Yılgının amacı yıldırmaktır, kan ile beslenir
Hiç, kuşkun olmasın ki, bu azgınlığın arkasında; ABD, AB(Almanya, Yunanistan, Fransa,…..) vardır.
Türk, Türkiye Cumhuriyeti yurttaşlarının ortak “ulus” adıdır. “Bir bölen” çıkıp da; bu ülkede; Kürt, Boşnak, Laz, Gürcü, Arap vardır diye sayarak bugünlere destek vermiştir. Türk halkı da bu söylemlerinden ötürü ona destek çıkmıştır. Türk’ü “ulus” olmaktan, çıkarıp” millet” düzeyine indirmiştir. Ulus, ırk, din birlikteliğine karşı çıkarken, millet; her ırk ile din birlikteliğini güder. Türk-Kürt kardeştir sözü de birleştirici değil, bölücü, ayrıca Türk kimliğini ırk ile millet düzeyine indirmektir. Çoğunlukla beslenen bu düşüncelerin şimdi canlarımızla kandı bedellerini ödüyoruz, daha çoğunu da ödeyeceğiz. “Kısasa kısas” İslam ya da Hristiyanlık ilkesidir. Çözüm getirmez, kanın oluk oluk akmasına neden olur. İlkelliktir. Her koşulda demokrasiden ayrılan devletler, yılgıcı-terörist olurlar. Bugünlerimizi aramayalım.

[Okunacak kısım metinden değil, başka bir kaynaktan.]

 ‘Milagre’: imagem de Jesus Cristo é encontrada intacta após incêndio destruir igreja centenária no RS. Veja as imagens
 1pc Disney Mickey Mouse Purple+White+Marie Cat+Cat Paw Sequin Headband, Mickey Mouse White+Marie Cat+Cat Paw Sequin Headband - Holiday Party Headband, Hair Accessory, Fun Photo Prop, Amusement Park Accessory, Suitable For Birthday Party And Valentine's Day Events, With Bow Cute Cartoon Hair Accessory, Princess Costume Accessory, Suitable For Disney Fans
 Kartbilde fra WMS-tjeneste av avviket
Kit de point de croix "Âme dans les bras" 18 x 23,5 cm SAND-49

YILGI (terör) geçmişin en büyük yıldırıcılığını erişmiş olsa bile, karşı duruş güç kullanarak değil, elerkil-demokratik direnç ile dayanışma göstermekle olabilir. Kendini “Kürt” kimliğiyle tanıtan tüm batı ile doğudaki yurttaşlarımız, çatışma çıkarmadan yollarda yürüyüp “Kahrolsun PKK” demeleri yeter. Hiç bir davranışta bulunmamak, ya da edilgen kalmak, PKK’ye arka çıkmaktır.

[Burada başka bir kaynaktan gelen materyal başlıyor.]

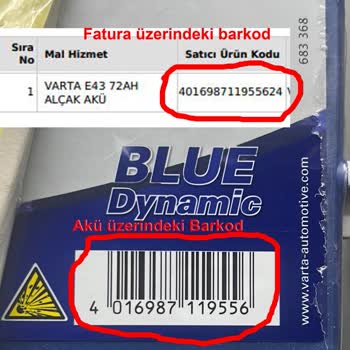 Yanlış Barkodlu Akü Teslimatı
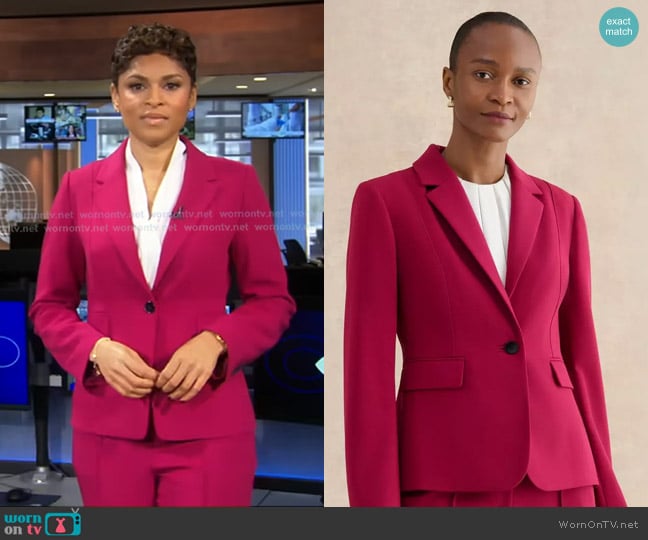 Hobbs Gemma Suit Jacket in Beetroot Pink worn by Jericka Duncan on CBS Evening News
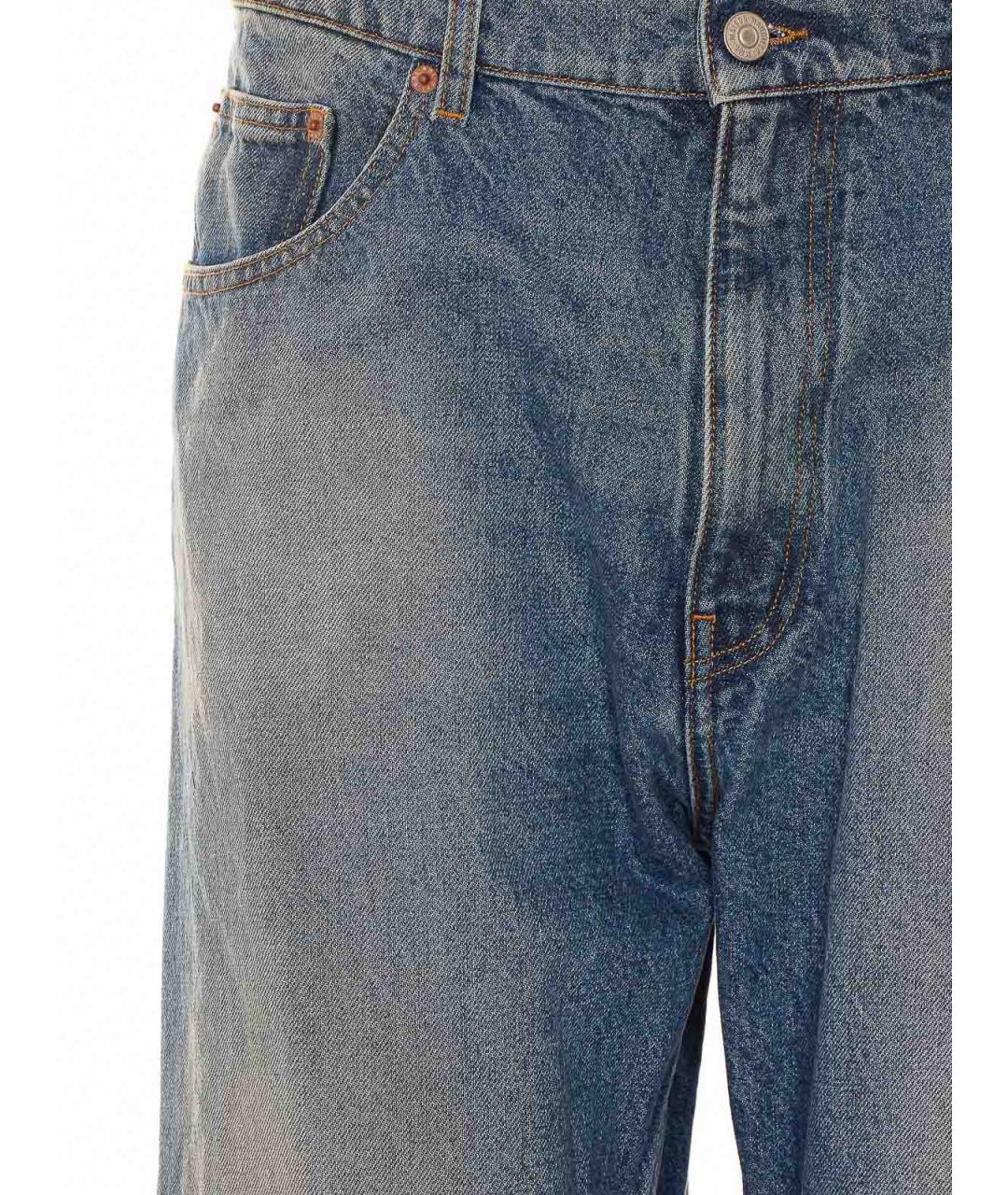 MM6 MAISON MARGIELA Синие хлопковые прямые джинсы, фото 4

Bunu ancak onlar durdurabilir.
Yarın çok geç olmadan
“Şehit” ile “Leş” gazına gelmeyelim. İkisi de yalan. Giden her can bizim canımızdır. Yarın senin kapında çalınabilir. Edilgen kalarak destek olma, yakıp yıkıp, birilerini dövmek ise PKK ile KCK’nın istediği ortamdır.
Duygunla değil, aklınla karşı çık.
Bir bataklığa kendi isteğimizle sürüklendik. Buradan da ancak kendi gücümüzle çıkabiliriz.